At daybreak next morning, Jeff saddled, mounted and, joining hundreds of hard-faced Watie riders, rode twenty miles north to Elk Creek, where Cooper’s rebel battleline was being formed on both sides of the Texas Road. In the timber north of the creek, they dismounted and, building log barricades, awaited the onslaught of Blunt’s Union army.
Jeff could hear cannon fire north of him and he knew that the Union artillery commanded by Hopkins and Smith had gone to work on the rebel artillery. He couldn’t help feeling excited and uneasy. He had never gone to battle under such strange circumstances. Horrified at the possibility of fighting his friends, he had to stay and try to get the information Blunt wanted. Besides, if he left now it would draw suspicion on Bostwick. Keeping his eyes open, he had a good view of the rebel preparations for the battle.
Cooper’s army consisted mainly of Texans and Indians.
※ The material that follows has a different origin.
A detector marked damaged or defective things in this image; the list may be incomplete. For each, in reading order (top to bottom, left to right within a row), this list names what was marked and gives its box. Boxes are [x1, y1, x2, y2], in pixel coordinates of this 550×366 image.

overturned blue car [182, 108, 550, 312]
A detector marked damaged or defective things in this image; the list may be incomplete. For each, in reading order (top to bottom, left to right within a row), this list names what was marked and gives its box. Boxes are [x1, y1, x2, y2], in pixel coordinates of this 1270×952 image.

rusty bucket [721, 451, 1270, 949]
Jeff saw the Texas cavalry riding their little mustangs into position in the rebel center. They were mostly blond men, who controlled their mounts with chain bits and thrust their booted feet into big, wooden ox-yoke stirrups. Cooper posted on his left two Creek regiments commanded by Colonel D. N. McIntosh. His right wing was composed of Watie’s First and Second Cherokee regiments of which Jeff was now a part.
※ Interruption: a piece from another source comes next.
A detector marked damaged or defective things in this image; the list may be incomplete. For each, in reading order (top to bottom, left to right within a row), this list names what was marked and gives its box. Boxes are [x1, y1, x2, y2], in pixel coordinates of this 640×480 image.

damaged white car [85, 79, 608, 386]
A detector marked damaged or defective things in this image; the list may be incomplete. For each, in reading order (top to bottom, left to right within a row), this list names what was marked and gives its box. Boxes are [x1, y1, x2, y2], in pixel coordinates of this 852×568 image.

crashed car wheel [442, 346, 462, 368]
Jeff was most surprised of all when he saw Cooper’s reserve, a regiment of Choctaws and Chickasaws. Before he s
aw them, he could hear the jingling of the little bells and rattles they wore on their arms and in their horses’ bridles.
Then they appeared through the trees, mounted on their small ponies. Their faces were painted orange and green. Although they looked active and sinewy in their buckskin hunting shirts and leggings, Jeff was amazed to see that their weapons consisted only of obsolete Indian rifles, knives and tomahawks. They were whooping and yelling shrilly as though to keep up their courage in spite of their incredible lack of fire power.
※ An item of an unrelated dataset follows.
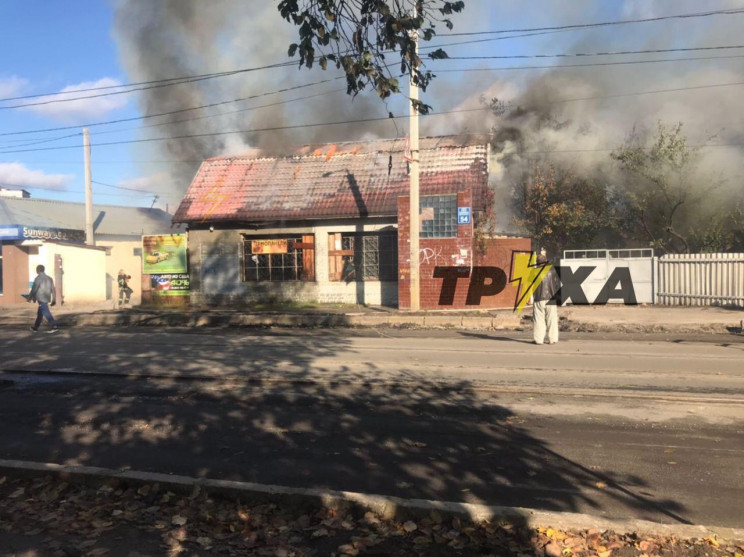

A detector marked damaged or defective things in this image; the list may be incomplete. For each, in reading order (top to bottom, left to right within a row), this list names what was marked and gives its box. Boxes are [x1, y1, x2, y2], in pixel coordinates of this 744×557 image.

damaged roof [171, 135, 492, 224]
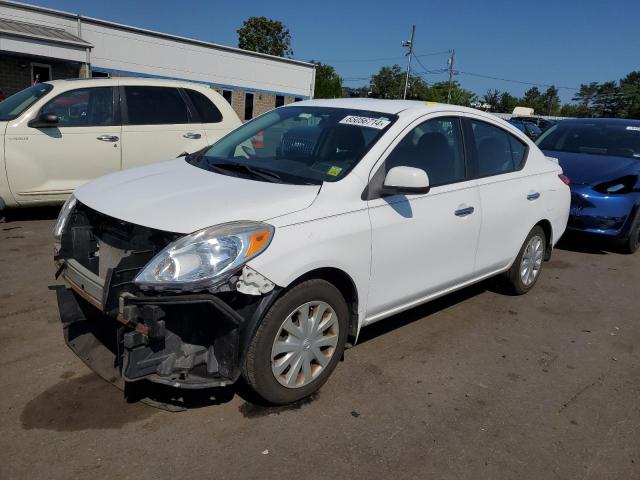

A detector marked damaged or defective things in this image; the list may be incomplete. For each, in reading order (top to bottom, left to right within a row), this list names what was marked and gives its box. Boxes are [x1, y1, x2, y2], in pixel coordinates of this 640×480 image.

A crackle of musket fire broke out ahead, and the Watie men began to unsling their weapons, mostly shotguns and oneshot Southern Enfields with brass mountings.
In plain hearing of nearly everybody in the detail, Fields, the bossy rebel sergeant, ordered Jeff to the rear. “Yore too young for the front line,” he said, curtly. “We fight dismounted with every fo’th man holdin’ fo’ hosses in the rear. Today you’ll stay in the rear and be a hoss-holder.” He thrust his reins into Jeff’s hand.
“Yes, sir,” said Jeff, saluting.
He took the reins, secretly pleased that he wouldn’t have to oppose his own side in battle. Bostwick wasn’t so lucky.
The Missourian was drafted for duty on the firing line but he seemed to be taking it well. As he trudged off to the front, his boots clumping awkwardly in the underbrush, he winked at Jeff and reaching behind him, patted his canteen, still one-half full of cold Union coffee.
A shower of rain fell about an hour before the battle began, rendering the rebel powder, obtained from Mexico, useless. In the damp weather it became pastelike and would not ignite. Jeff heard some Creek soldiers complaining because even when they built fires, they could not dry out their wet musket caps.
When the Northern bombshells, screeching through the trees overhead, began exploding with a roar, setting the grass and brush afire, it took all of Jeff’s strength to hold the four saddled horses he had been entrusted with. Soon, rebel after rebel began to pass him, running from the front.